◆ **TO DO**: Restate word for word the lines below that run from the one holding "2024 toyota camry hybrid se" through the one holding "Falling Lakes Hostel", inclusive. Pictures don't belong in the copy.

◆ **LISTED RECORDS**:
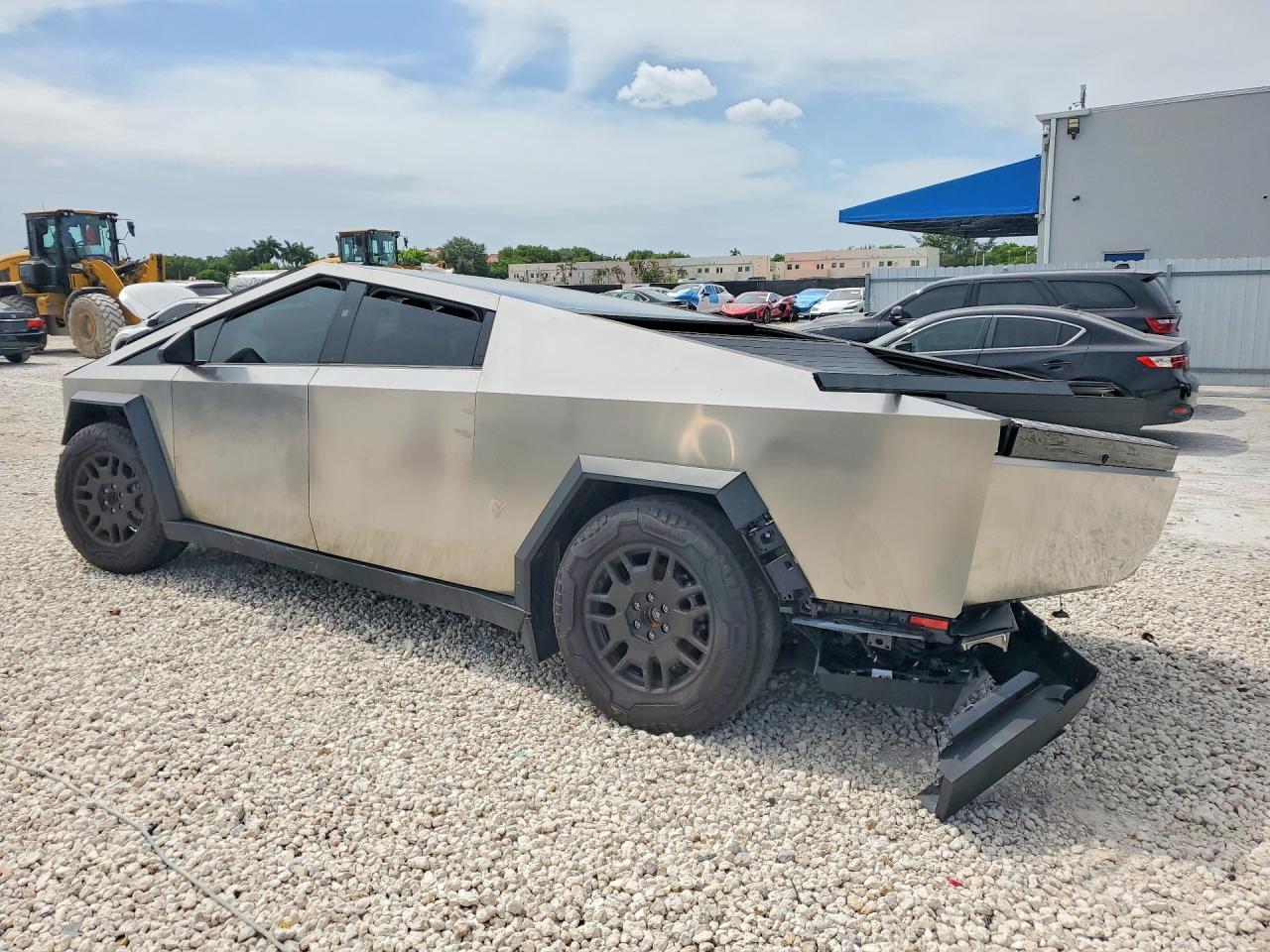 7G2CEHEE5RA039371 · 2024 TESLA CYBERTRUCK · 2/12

* * *

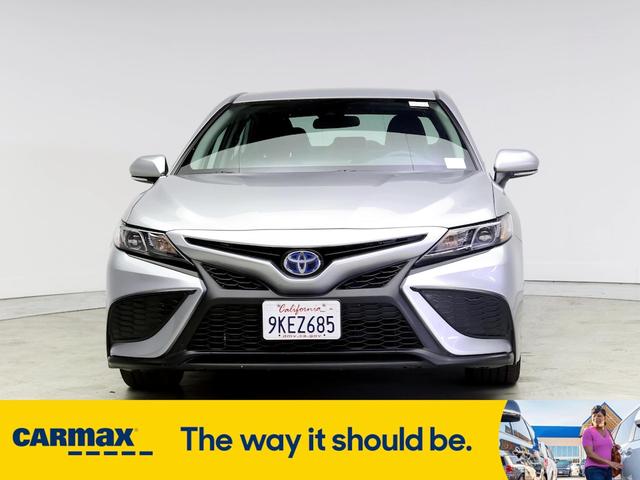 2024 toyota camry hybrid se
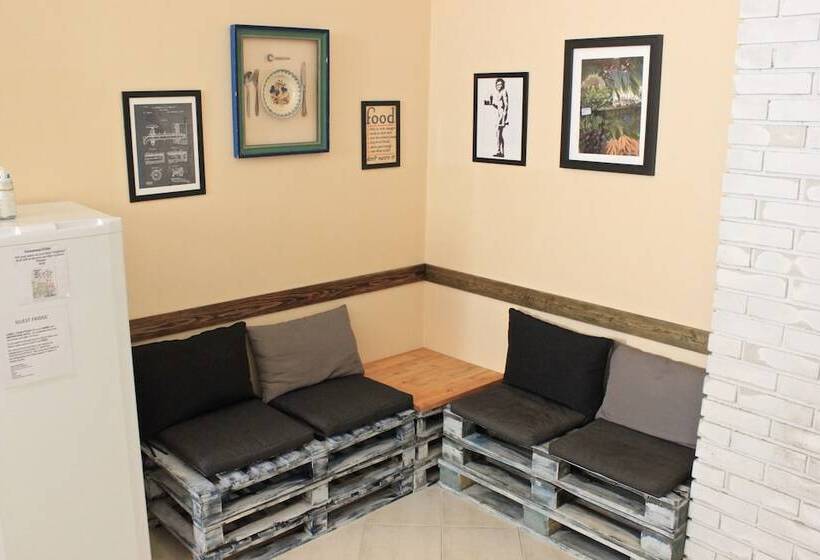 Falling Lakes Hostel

--

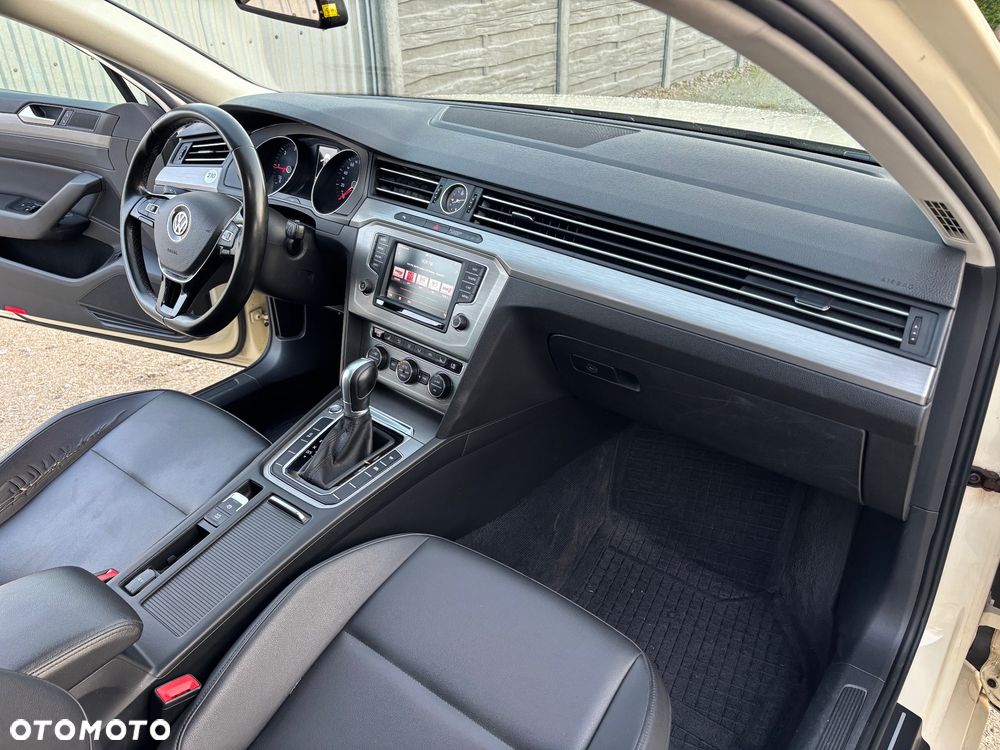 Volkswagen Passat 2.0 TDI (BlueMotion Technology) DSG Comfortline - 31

◆ **WORKED SOLUTION**:
 2024 toyota camry hybrid se
 Falling Lakes Hostel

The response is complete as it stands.